Strappò il Pulitzer del 1935 a Francis Scott Fitzgerald, quell’anno in lizza con Tenera è la notte. Appena venticiquenne e ancora studente, era al suo romanzo di esordio. Si chiamava Josephine Johnson, viveva in Missouri con sua madre, in un piccolo centro di poche migliaia di abitanti, circondata dalla sterminata natura del Midwest. Sul momento venne paragonata a Emily Dickinson ed Emily Brontë, ma nel giro di soli quattro anni, Simon & Schuster, il suo editore, rifiutò di pubblicarle un nuovo romanzo. Seguitò a scrivere e a vivere nel Midwest, imboccando il viale della marginalità e rasentando anche quello dell’oblio. All’indomani della sua morte, avvenuta nel 1990, il New York Times la ricordava quasi unicamente per l’afflato ecologista, che fu soltanto un aspetto dell’articolato impegno sociale della scrittrice. Che la sua luce abbia brillato alla maniera di una meteora rende per certi versi più prezioso il suo splendore.
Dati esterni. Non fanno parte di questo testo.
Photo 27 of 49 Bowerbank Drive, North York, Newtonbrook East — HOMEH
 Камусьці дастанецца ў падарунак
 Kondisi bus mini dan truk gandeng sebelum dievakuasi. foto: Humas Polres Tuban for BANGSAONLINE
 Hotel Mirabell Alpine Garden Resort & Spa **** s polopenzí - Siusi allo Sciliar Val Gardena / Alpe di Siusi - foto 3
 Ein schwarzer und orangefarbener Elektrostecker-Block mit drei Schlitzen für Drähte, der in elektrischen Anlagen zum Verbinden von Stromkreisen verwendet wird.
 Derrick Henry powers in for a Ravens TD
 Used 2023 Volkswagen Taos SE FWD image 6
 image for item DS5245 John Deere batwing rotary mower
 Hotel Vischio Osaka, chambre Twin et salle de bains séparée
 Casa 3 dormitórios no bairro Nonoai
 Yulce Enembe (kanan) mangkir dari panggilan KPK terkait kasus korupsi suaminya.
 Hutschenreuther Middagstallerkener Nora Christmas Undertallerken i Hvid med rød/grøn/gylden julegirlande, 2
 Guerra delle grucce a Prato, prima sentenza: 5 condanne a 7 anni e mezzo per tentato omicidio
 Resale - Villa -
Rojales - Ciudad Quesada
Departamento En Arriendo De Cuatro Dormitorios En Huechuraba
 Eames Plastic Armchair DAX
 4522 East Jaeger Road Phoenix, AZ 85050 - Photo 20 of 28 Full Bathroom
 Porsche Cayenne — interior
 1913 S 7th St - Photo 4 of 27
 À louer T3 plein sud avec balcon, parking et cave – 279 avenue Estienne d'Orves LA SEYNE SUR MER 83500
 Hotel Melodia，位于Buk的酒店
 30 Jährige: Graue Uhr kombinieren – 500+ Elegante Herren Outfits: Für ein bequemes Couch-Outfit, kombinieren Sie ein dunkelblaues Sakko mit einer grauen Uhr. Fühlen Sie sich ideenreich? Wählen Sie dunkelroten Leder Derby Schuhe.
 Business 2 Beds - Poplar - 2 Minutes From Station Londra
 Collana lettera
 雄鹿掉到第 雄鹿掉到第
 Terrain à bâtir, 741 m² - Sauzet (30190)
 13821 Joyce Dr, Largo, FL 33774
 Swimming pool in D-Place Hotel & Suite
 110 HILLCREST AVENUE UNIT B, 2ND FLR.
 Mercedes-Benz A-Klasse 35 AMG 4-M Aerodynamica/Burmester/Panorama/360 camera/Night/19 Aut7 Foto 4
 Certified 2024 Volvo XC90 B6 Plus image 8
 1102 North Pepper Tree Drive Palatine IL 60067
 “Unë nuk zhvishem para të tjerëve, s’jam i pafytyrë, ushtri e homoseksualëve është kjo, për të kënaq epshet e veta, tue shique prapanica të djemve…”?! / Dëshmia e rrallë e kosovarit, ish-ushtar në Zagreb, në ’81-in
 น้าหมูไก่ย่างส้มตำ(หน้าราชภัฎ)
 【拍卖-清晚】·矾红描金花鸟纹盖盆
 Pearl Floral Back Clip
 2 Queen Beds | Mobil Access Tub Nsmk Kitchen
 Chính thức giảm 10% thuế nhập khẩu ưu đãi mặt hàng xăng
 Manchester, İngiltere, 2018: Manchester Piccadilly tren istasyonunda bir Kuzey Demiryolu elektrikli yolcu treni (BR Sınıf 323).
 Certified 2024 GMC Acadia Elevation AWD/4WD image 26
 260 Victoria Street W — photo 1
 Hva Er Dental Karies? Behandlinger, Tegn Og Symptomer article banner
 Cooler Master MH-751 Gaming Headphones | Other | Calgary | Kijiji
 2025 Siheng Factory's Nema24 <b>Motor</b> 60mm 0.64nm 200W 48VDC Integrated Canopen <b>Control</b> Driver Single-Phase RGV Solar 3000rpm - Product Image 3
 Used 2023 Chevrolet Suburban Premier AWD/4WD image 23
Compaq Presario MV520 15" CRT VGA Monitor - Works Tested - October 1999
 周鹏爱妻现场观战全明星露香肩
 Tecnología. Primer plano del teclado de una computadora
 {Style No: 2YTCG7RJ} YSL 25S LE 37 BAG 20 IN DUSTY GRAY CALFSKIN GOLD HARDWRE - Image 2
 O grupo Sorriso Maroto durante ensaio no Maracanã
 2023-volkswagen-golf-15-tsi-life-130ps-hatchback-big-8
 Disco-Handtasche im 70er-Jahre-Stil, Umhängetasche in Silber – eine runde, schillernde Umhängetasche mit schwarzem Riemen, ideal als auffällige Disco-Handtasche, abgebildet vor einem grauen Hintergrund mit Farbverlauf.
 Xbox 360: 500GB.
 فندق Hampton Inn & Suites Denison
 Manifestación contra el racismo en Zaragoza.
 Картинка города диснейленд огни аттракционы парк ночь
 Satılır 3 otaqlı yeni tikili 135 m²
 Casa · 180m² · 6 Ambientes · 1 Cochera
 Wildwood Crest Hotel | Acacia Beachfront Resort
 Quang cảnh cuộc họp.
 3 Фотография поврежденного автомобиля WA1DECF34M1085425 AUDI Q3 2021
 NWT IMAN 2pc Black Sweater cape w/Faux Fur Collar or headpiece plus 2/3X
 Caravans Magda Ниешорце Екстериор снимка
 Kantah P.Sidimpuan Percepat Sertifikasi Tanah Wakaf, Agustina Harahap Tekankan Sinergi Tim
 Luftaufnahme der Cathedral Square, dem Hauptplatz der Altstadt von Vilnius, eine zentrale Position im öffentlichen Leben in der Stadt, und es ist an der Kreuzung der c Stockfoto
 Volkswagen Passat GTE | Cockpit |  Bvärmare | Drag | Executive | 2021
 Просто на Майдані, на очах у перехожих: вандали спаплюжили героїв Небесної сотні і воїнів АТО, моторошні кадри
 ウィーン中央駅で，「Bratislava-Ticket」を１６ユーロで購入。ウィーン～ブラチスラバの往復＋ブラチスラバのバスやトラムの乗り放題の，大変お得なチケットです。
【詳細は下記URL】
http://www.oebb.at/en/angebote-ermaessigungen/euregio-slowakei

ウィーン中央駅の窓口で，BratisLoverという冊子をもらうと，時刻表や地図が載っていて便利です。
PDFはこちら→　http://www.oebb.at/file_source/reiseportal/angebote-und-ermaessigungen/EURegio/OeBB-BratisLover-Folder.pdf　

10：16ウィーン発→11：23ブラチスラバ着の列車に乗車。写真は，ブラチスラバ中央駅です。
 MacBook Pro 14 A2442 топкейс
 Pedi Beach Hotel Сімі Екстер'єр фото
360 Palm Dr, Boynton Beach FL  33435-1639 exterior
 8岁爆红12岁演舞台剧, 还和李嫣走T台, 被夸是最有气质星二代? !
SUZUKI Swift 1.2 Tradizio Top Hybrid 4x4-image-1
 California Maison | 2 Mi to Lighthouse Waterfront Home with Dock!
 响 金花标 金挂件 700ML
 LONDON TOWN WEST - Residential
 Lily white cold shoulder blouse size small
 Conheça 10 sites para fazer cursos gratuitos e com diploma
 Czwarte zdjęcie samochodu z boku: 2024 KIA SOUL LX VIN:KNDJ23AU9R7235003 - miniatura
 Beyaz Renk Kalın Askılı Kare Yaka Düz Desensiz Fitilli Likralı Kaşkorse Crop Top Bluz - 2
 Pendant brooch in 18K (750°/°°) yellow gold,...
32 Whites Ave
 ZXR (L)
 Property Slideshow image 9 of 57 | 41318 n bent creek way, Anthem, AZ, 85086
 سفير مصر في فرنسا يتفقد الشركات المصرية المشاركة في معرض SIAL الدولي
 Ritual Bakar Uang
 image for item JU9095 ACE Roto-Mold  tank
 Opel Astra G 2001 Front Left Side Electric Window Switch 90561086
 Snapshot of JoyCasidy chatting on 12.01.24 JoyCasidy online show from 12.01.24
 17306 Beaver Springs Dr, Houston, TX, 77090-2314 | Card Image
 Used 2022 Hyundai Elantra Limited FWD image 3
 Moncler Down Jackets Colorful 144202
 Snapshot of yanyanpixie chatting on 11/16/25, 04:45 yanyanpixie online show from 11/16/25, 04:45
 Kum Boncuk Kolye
Baciato dall’incanto di un’ispirazione irripetibile e sostenuto da una voce di rara intensità, meravigliosamente resa in traduzione da Beatrice Masini, Ora che è novembre nacque dal desiderio di «scrivere un libro che interessi tanto per quel che succede ora quanto per quel che succede dopo». Così si espresse la stessa autrice con il suo editor e in effetti, malgrado il romanzo racconti una storia in cui il disvelamento del dopo è tutt’altro che indifferente al lettore, lo svolgersi dell’azione appare racchiuso in un unico grande ora dove le stagioni scorrono l’una dentro l’altra, senza mai stare ferme ma anche senza rapidità.
«Ora che è novembre riesco a vedere gli anni come una cosa sola» dice la voce narrante nel dare inizio alla storia. Siamo negli anni cupi della Grande Depressione, quando la difficoltà di tirare avanti faceva sembrare tutto sbagliato. Costretto a lasciare la città per via della crisi, Arnold Haldmarne torna nella campagna che aveva lasciato da sedicenne; torna in un terreno gravato da un’ipoteca e non meno duro della città, non meno pronto a fiaccare la determinazione di un uomo. Ci torna con un’impazienza malata, privo della rassegnazione che un contadino dovrebbe avere. Ci torna affondando nella palude senza fondo dei debiti. Ci torna separato dal resto della famiglia da quell’abisso nebuloso che percepisce tra sé e tutte le donne. Perché la sua è una famiglia di tutte donne, a parte lui. Ha una moglie che affronta ogni cosa in silenzio, vivendo la vita degli altri come fosse la sua, e tre figlie che ricordano quelle di Re Lear. Kerrin, agitata nell’intimo da una marea di tenebre, è la Goneril della situazione. Vengono poi Marget, che si sente niente in tutto, e Merle, la minore oltre che la più operosa e centrata. Le tre sorelle sono tanto diverse nel carattere quanto simili nei limiti che la società impone ancora alle giovani donne. Impossibilitate a conoscere alcunché se non la campagna attorno casa, private di una vita sessuale e tuttavia chiamate a essere attraenti e pronte per il matrimonio, non hanno che i libri per avventurarsi nel mondo esterno.
Nel lento depositarsi dei giorni e degli anni irrompe però Grant, giovane trentenne assunto per dare una mano a lavorare la terra. Fatalmente la nuova presenza porta scompiglio nell’animo e nei sensi delle ragazze, alimentando tensioni inespresse. Come queste tensioni raggiungeranno il picco per poi esplodere ci viene raccontato da una delle tre ragazze, Marget, quella che si sente più esclusa dai giochi e dalle possibilità dell’amore. E lo fa con una voce indimenticabile, immersa nella natura e in drammi sociali che all’epoca raccontò anche Steinbeck. È la voce di una ragazza che vive nel furore cupo di un’adolescenza repressa, sul limitare della linea d’ombra che la separa dal diventare donna, e morsa dal dubbio che crescere non cambi più di tanto le cose, che il tempo dilati ma non trasformi nulla lasciando il mondo com’è: tutto sbagliato.